Estas obras denuncian nuestra violenta actitud de dominio indiferente y desprecio de lo no humano -y de lo humano. A pesar de la explotación a que hemos sometido a los animales, éstos nos acompañan como alteridad. Frente a la voluntad de poder, el arte animalista sugiere un nexo más empático y fraternal con los animales. Esto es lo que propone la estética ecoanimal de Marta Tafalla que aquí asumimos, “respeto por la diferencia que caracteriza a la misma biodiversidad” (Moyano 2022: 252). En vez de postergar y olvidar al otro, el respeto por la diferencia es lo único que nos permite empatizar con la alteridad (animal). A pesar de representar el horror del ecocidio, el arte animalista pretende capacitarnos para sentir la belleza de lo otro. Esta educación estética de nuestra sensibilidad para la alteridad animal nos ayuda a ser humanos.

                                                                                             

 

Conclusión

Podemos hallar el espíritu que alienta este escrito en torno a la alteridad y la empatía en un texto de Mark Rothko (2007: 83): “Prefiero ser despilfarrador a tacaño, por lo que preferiría dar atributos antropomorfos a una piedra que deshumanizar la más remota posibilidad de conciencia”. Si los ‘otros’ que no se creían otros hubiesen abierto empáticamente la mente y el corazón, no solo Samsa y Frankenstein hubiesen dejado de ser ‘otros’ y se hubiesen salvado. Ellos mismos se habrían salvado. La dilatación cordial de la mente nos permite empatizar con cualquier forma de alteridad, hasta valorar y admirar lo más extraño, lo más distante de lo humano.
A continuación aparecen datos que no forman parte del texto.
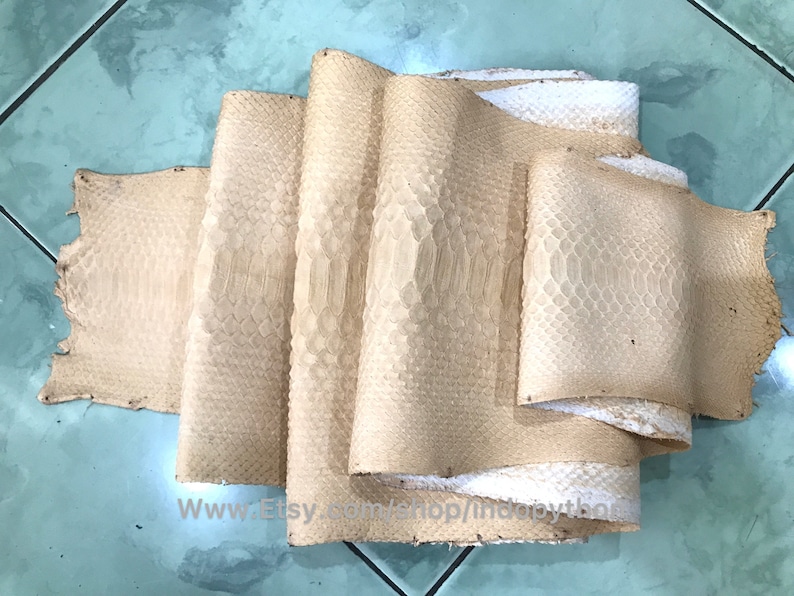 Puede incluir: Una colecci&oacute;n de pieles de pit&oacute;n beige y blanquecinas, con un patr&oacute;n texturizado en forma de escamas. Las pieles est&aacute;n dispuestas en una configuraci&oacute;n en capas y enrolladas, mostrando las marcas naturales y las variaciones de color. La imagen captura la textura y el patr&oacute;n &uacute;nicos de la materia prima.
No se trata de empatizar identificándonos con lo que no es como nosotros, sino de hacerlo con la alteridad (animal) sin que deje de ser la alteridad que es. Se trata de empatizar con la alteridad afirmándola, salvándola, sin disolverla. La afirmación artística de la otredad nos ofrece la posibilidad de salvar cordialmente la alteridad animal.